ArtII.S2.C2.3.3.1 Nomination

Article II, Section 2, Clause 2:

He shall have Power, by and with the Advice and Consent of the Senate, to make Treaties, provided two thirds of the Senators present concur; and he shall nominate, and by and with the Advice and Consent of the Senate, shall appoint Ambassadors, other public Ministers and Consuls, Judges of the supreme Court, and all other Officers of the United States, whose Appointments are not herein otherwise provided for, and which shall be established by Law: but the Congress may by Law vest the Appointment of such inferior Officers, as they think proper, in the President alone, in the Courts of Law, or in the Heads of Departments.

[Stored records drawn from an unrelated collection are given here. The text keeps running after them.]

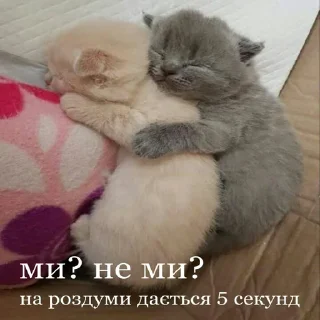 👩‍❤️‍💋‍👩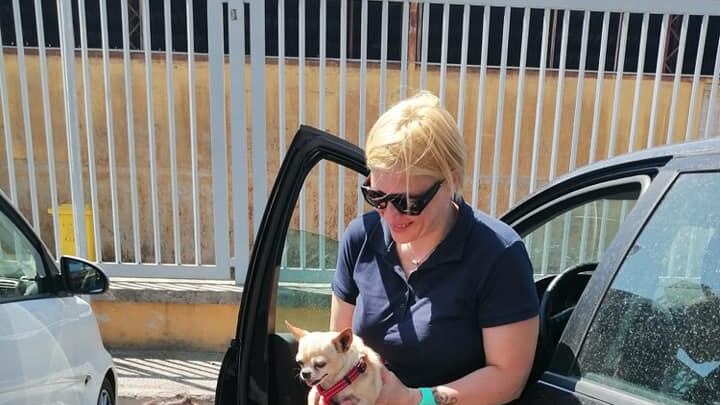 Latina, riabbraccia il cagnolino scomparso da 8 anni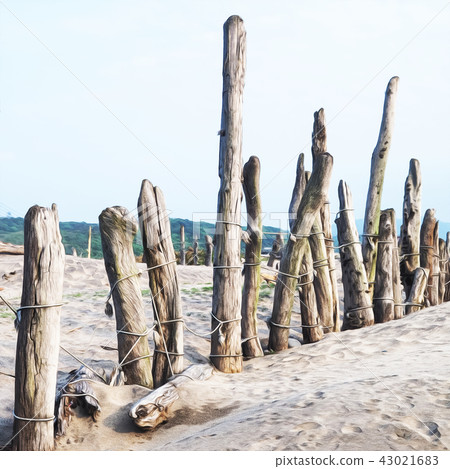 Beach timber 43021683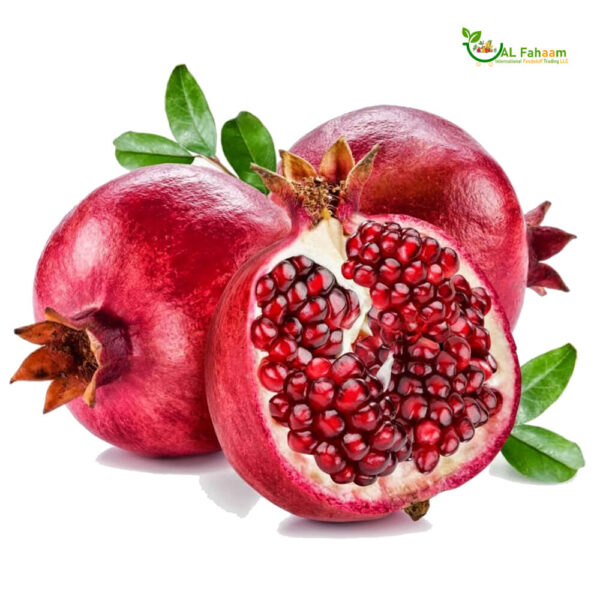 Ripe Egyptian pomegranates freshly harvested in a field.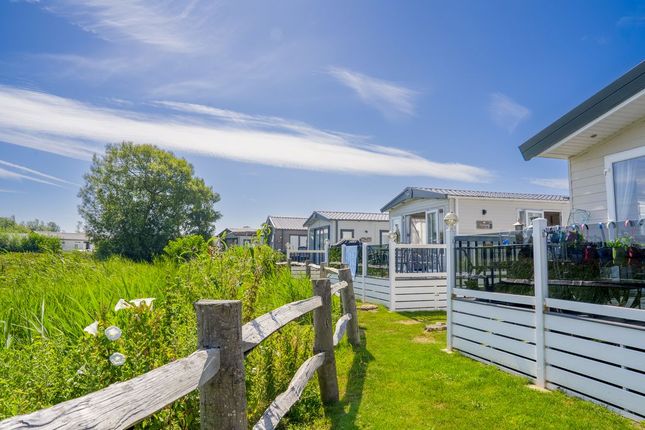Winchelsea Sands Holiday Park, Winchelsea photo 2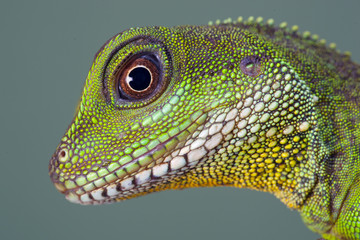 Chinese water Dragon Physignathus cocincinus portrait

The Constitution appears to distinguish three stages in appointments by the President with the advice and consent of the Senate. The first is the nomination of the candidate by the President alone; the second is the assent of the Senate to the candidate’s appointment; and the third is the final appointment and commissioning of the appointee, by the President. 1


  1.  Marbury v. Madison, 5 U.S. (1 Cr.) 137, 155-56 (1803) (Chief Justice Marshall). Marshall’s statement that the appointment is the act of the President, conflicts with the more generally held and sensible view that when an appointment is made with its consent, the Senate shares the appointing power. 3 J. Story, Commentaries on the Constitution of the United States 1525 (1833); In re Hennen, 38 U.S. (13 Pet.) 230, 259 (1839).